▸ **Task item**:
Transcribe exactly, and only, the lines running from the one that contains "Wittner fine tuner" through the last line of the material. No pictures.

--- START ---

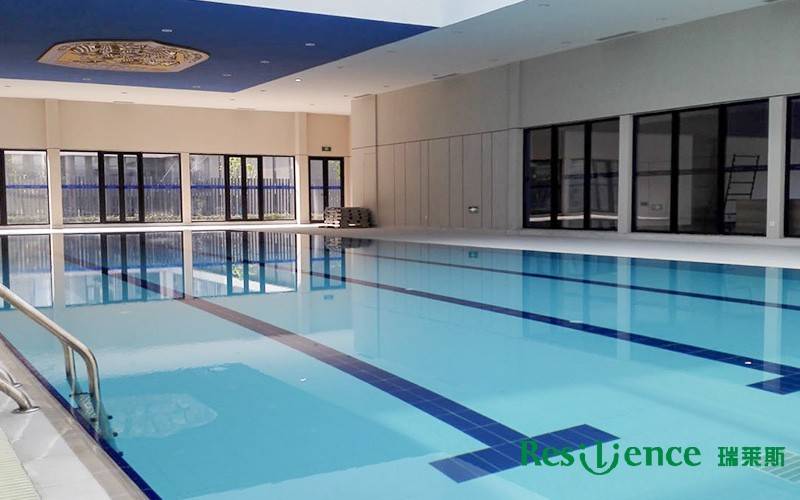 江苏足球俱乐部徐庄训练基地-泳池项目案例鉴赏实拍图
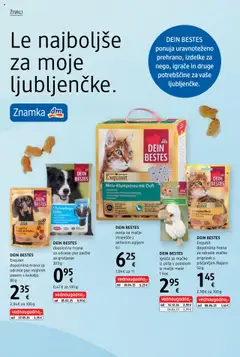 DM Drogerie Markt katalog akcije – veljaven od 01.10.2025 | Stran: 30 | Izdelki: Stranisce, Kos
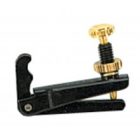 Wittner fine tuner  for violin, A,D,G strings, black / golden screw, ball end  4/4-3/4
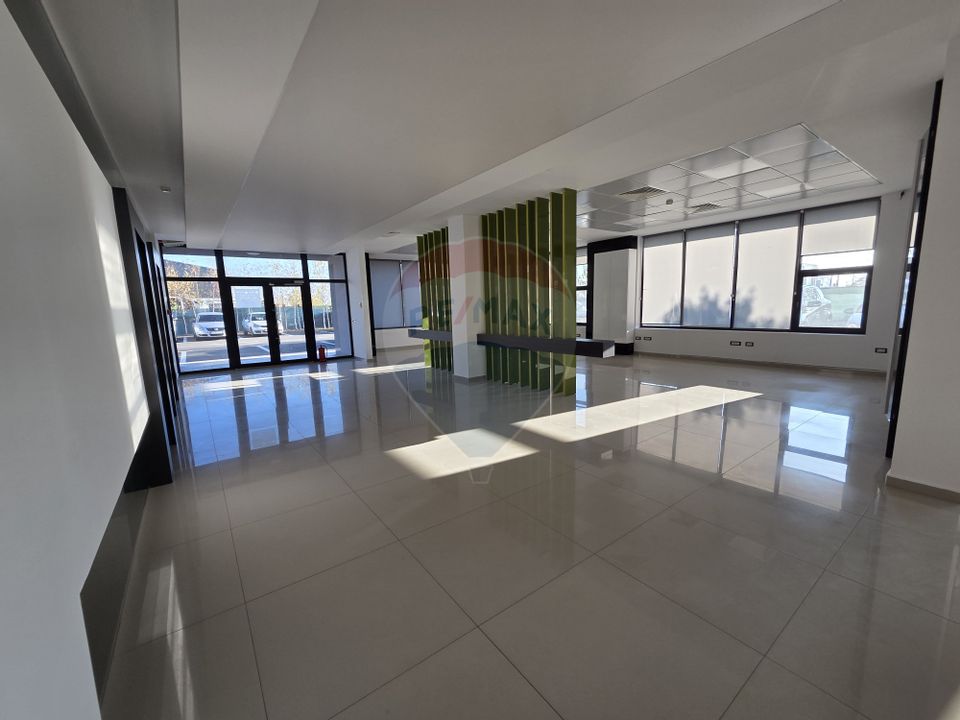 Hala plus spatiu birouri, zona Strada Vrancei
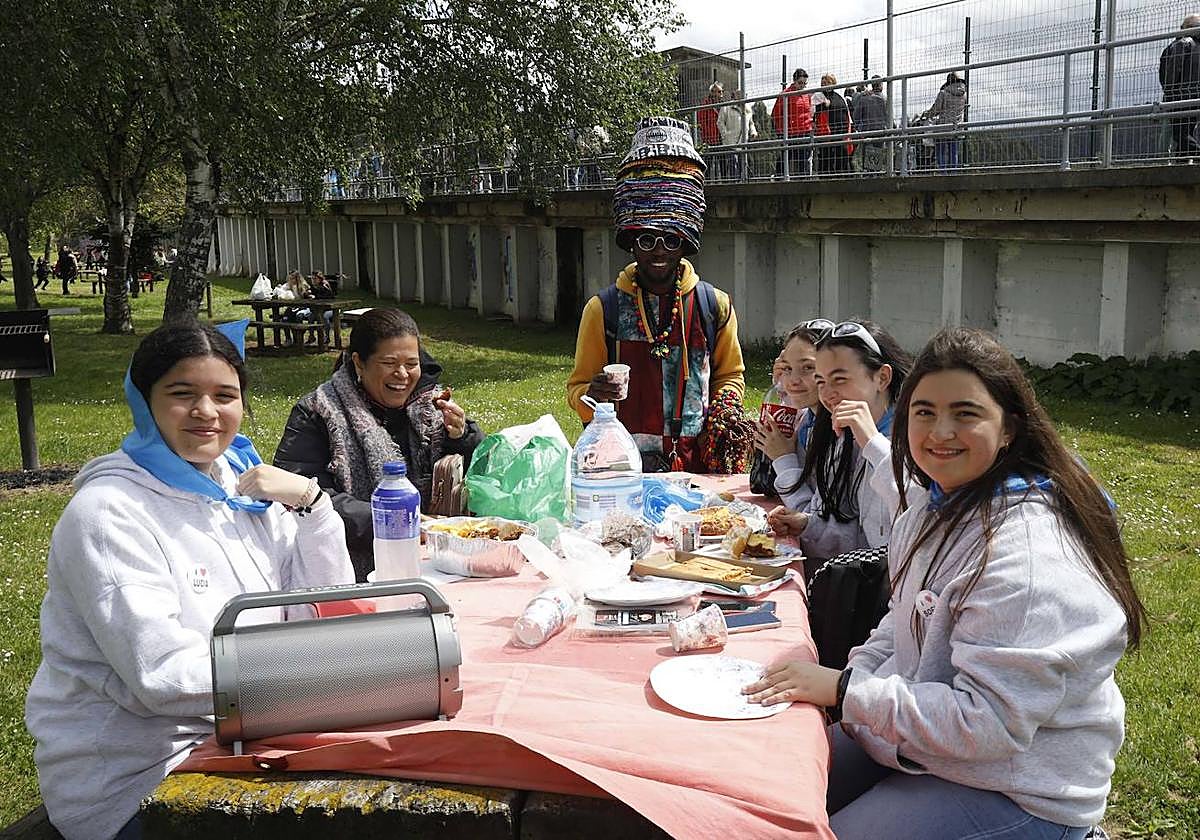Y la romería volvió a Trasona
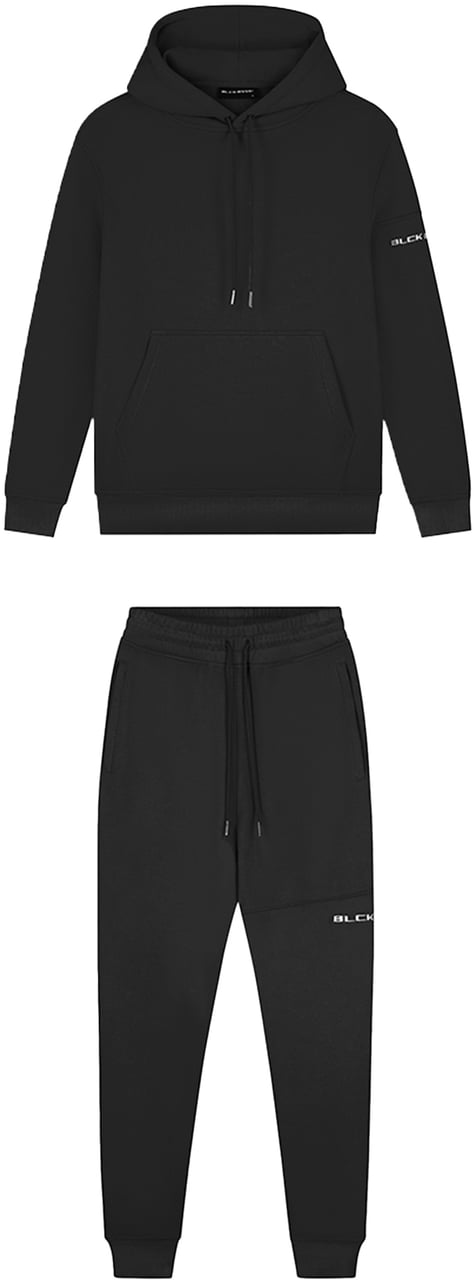 Black Bananas Force Sweatsuit Zwart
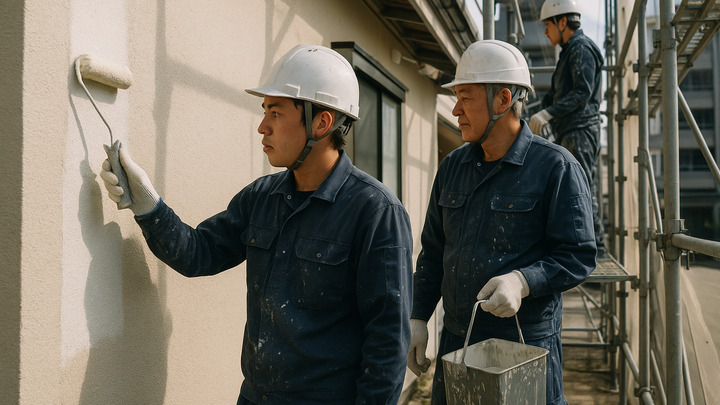 塗装工×寮あり転職ガイド｜未経験でも住み込みで稼げる理由と注意点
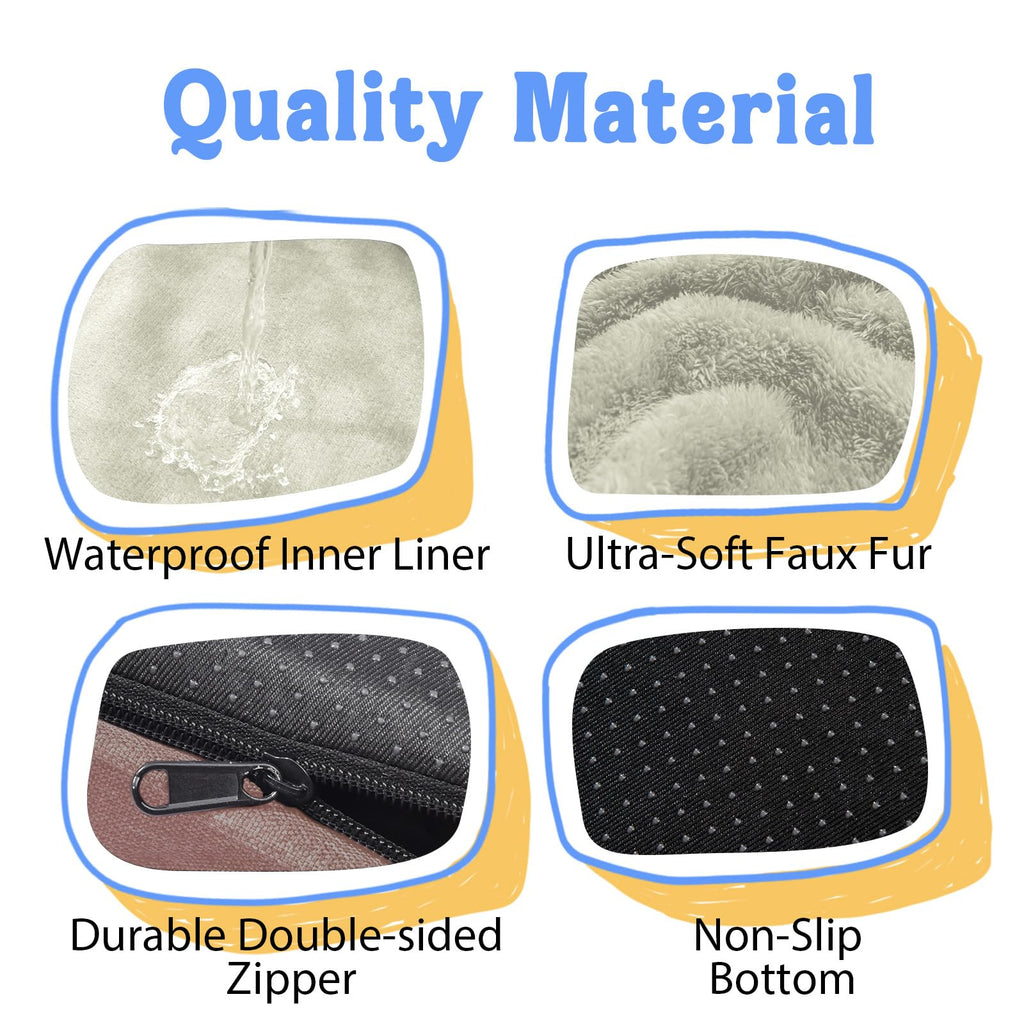 Chez Paw Waterproof Orthopedic XL Dog Bed for Large and Extra Large Dogs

--- END ---

▸ **Result of this task**:
 Wittner fine tuner  for violin, A,D,G strings, black / golden screw, ball end  4/4-3/4
 Hala plus spatiu birouri, zona Strada Vrancei
Y la romería volvió a Trasona
 Black Bananas Force Sweatsuit Zwart
 塗装工×寮あり転職ガイド｜未経験でも住み込みで稼げる理由と注意点
 Chez Paw Waterproof Orthopedic XL Dog Bed for Large and Extra Large Dogs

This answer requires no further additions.